Sharon, thanks for your note, and your concern for your friend. My best wishes to both of you!
The closest practioner in our database is a naturopath, Angela Goldstein, ND, in Lake Forest. It's a bit of a trek from you -- about 80 miles north of San Diego, near Laguna Nigel -- but it may be well worth the travel. The next closest would be in Ventura (about 8 miles north of Oxnard) and the next in Solvang, about 25 miles north of Santa Barbara just on the 101.
I hope one of these folks will fill your needs. Do call and interview the office you'd like to visit before travelling there, to get a "feel" for the people who would be involved in your treatment. There are more and more people using Dr. D'Adamo's plans in their practice all the time, and I'm sure not all of them are listed in our database. Try looking in your local phone book and asking nutritionists and health food store employees in your area if they know anyone who uses this system.

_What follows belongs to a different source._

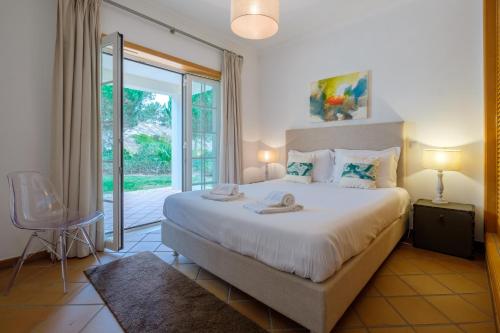 a bedroom with a large bed and a sliding glass door at D. Sebastião Townhouse in Casal da Lagoa Seca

You might find someone closer to home.
Cheremoya fruit has not been tested for ABO reactivity. Technically, that means it is an "unknown" and can be treated as neutral. That said, if you are facing health challenges it is wise to treat "unknowns" with caution. Don't make them your main food source. :-) An efficient, if risky, way to test an unrated food is to eat a good quantity of it in the evening, a few hours away from other food, and see how you feel. If you notice discomfort, at least you have some evidence that the food is not for you.
Thank you for writing, and good luck!